Yesterday I highlighted the paper The extra-tropical Northern Hemisphere temperature in the last two millennia: reconstructions of low-frequency variability, by B Christiansen of the Danish Meteorological Institute and F C Ljungqvist of Stockholm University which showed that using a multitude of proxy samples in the norther hemisphere, that:
“The level of warmth during the peak of the MWP (Medieval Warm Period) in the second half of the 10th century, equaling or slightly exceeding the mid-20th century warming, is in agreement with the results from other more recent large-scale multi-proxy temperature reconstructions.”
Now another paper, by Esper et al published in the Journal of Global and Planetary Change, shows that not only was the summers of the MWP equal or greater than our current warmth, but that the summers of the Roman Warm Period of 2000 years ago were significantly warmer than today.
Variability and extremes of northern Scandinavian summer temperatures over the past two millennia
Jan Esper, Ulf Büntgen, Mauri Timonen, David C. Frank
Abstract
Palaeoclimatic evidence revealed synchronous temperature variations among Northern Hemisphere regions over the past millennium. The range of these variations (in degrees Celsius) is, however, largely unknown. We here present a 2000-year summer temperature reconstruction from northern Scandinavia and compare this timeseries with existing proxy records to assess the range of reconstructed temperatures at a regional scale. The new reconstruction is based on 578 maximum latewood density profiles from living and sub-fossil Pinus sylvestris samples from northern Sweden and Finland.
The record provides evidence for substantial warmth during Roman and Medieval times, larger in extent and longer in duration than 20th century warmth.
The first century AD was the warmest 100-year period (+0.60 °C on average relative to the 1951–1980 mean) of the Common Era, more than 1 °C warmer than the coldest 14th century AD (−0.51 °C). The warmest and coldest reconstructed 30-year periods (AD 21–50=+1.05 °C, and AD 1451–80=−1.19 °C) differ by more than 2 °C, and the range between the five warmest and coldest reconstructed summers in the context of the past 2000 years is estimated to exceed 5 °C. Comparison of the new timeseries with five existing tree-ring based reconstructions from northern Scandinavia revealed synchronized climate fluctuations but substantially different absolute temperatures. Level offset among the various reconstructions in extremely cold and warm years (up to 3 °C) and cold and warm 30-year periods (up to 1.5 °C) are in the order of the total temperature variance of each individual reconstruction over the past 1500 to 2000 years. These findings demonstrate our poor understanding of the absolute temperature variance in a region where high-resolution proxy coverage is denser than in any other area of the world.
[…]
Discussion and Conclusions
The MXD-based summer temperature reconstruction presented here sets a new standard in high-resolution palaeoclimatology. The record explains about 60% of the variance of regional temperature data, and is based on more high-precision density series than any
other previous reconstruction. Importantly, MXD sample replication prior to the Little Ice Age, during Medieval times and throughout the first millennium AD, is much better than in any other record, and we demonstrated – based on calibration trials using reduced
datasets – that these early sections of the N-Scan record likely still contain useful climate information. This persistent climate signal allowed an estimation of temperature variability throughout the Common Era, revealing warmth during Roman and Medieval times were larger in extent and longer in duration than 20th century conditions.
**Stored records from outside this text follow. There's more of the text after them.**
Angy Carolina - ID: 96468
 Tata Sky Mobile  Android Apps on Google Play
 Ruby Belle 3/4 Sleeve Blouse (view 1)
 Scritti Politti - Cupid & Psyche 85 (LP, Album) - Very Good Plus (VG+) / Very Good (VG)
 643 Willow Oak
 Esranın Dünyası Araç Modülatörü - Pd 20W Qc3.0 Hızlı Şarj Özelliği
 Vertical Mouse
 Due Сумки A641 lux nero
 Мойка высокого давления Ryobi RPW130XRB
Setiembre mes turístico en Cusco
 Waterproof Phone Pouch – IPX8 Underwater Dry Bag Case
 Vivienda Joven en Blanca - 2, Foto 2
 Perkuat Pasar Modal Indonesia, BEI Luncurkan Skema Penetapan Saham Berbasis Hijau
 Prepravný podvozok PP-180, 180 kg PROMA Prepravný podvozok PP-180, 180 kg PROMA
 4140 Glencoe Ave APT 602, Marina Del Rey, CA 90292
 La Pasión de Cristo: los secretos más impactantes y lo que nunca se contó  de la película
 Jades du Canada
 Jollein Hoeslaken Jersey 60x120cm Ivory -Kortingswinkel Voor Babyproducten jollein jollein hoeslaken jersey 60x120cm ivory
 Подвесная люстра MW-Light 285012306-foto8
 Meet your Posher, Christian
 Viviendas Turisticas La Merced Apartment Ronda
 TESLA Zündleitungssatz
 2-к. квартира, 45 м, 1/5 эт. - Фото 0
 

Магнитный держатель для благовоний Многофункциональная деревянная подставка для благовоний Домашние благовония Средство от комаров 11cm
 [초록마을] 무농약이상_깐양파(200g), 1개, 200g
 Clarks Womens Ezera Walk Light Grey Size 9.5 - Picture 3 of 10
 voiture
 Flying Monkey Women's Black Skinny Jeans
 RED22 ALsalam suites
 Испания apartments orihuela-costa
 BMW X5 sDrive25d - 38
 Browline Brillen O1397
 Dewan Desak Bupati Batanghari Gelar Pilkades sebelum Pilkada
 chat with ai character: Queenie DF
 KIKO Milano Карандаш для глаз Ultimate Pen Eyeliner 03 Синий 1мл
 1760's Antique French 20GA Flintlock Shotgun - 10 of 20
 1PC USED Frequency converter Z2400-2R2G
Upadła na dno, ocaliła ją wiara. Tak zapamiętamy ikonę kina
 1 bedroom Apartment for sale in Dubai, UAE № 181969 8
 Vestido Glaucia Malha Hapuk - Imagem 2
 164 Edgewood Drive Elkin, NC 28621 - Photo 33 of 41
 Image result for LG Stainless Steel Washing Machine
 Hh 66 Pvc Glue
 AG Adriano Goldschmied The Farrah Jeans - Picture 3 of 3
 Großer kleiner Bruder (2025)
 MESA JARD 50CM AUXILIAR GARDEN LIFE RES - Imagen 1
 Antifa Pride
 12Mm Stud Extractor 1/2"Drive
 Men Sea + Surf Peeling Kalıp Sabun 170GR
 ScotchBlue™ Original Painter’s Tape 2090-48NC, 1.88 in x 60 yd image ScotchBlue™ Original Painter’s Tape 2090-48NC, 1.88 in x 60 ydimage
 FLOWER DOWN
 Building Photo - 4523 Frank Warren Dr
According to this new record, summer temperatures varied by 1.1 °C among the 14th and 1st centuries, the coldest and warmest 100-year periods of the past two millennia. Temperatures ranged by more than 5 °C among the five coldest and warmest summers of the past 2000 years. These estimates are, however, related to the approach used for proxy transfer, i.e. figures would change, if the calibration method, period, and/or target were modified (Frank et al.,2010b). For example, variance among the 30 coldest and warmest N-Scan summers (Table 3) increases from 3.92 °C to 5.79 °C, if scaling (i.e. adjustment of the mean and variance) instead of OLS regression is used for proxy transfer. These differences between scaling- and regression-based approaches are proportional to the unexplained variance of the calibration model (Esper et al., 2005), and we suggest
smoothing the proxy and instrumental timeseries prior to calibration, as this procedure decreases the unexplained variance in all Scandinavian tree-ring records and thus minimizes the differences between various calibration methods (Cook et al., 2004).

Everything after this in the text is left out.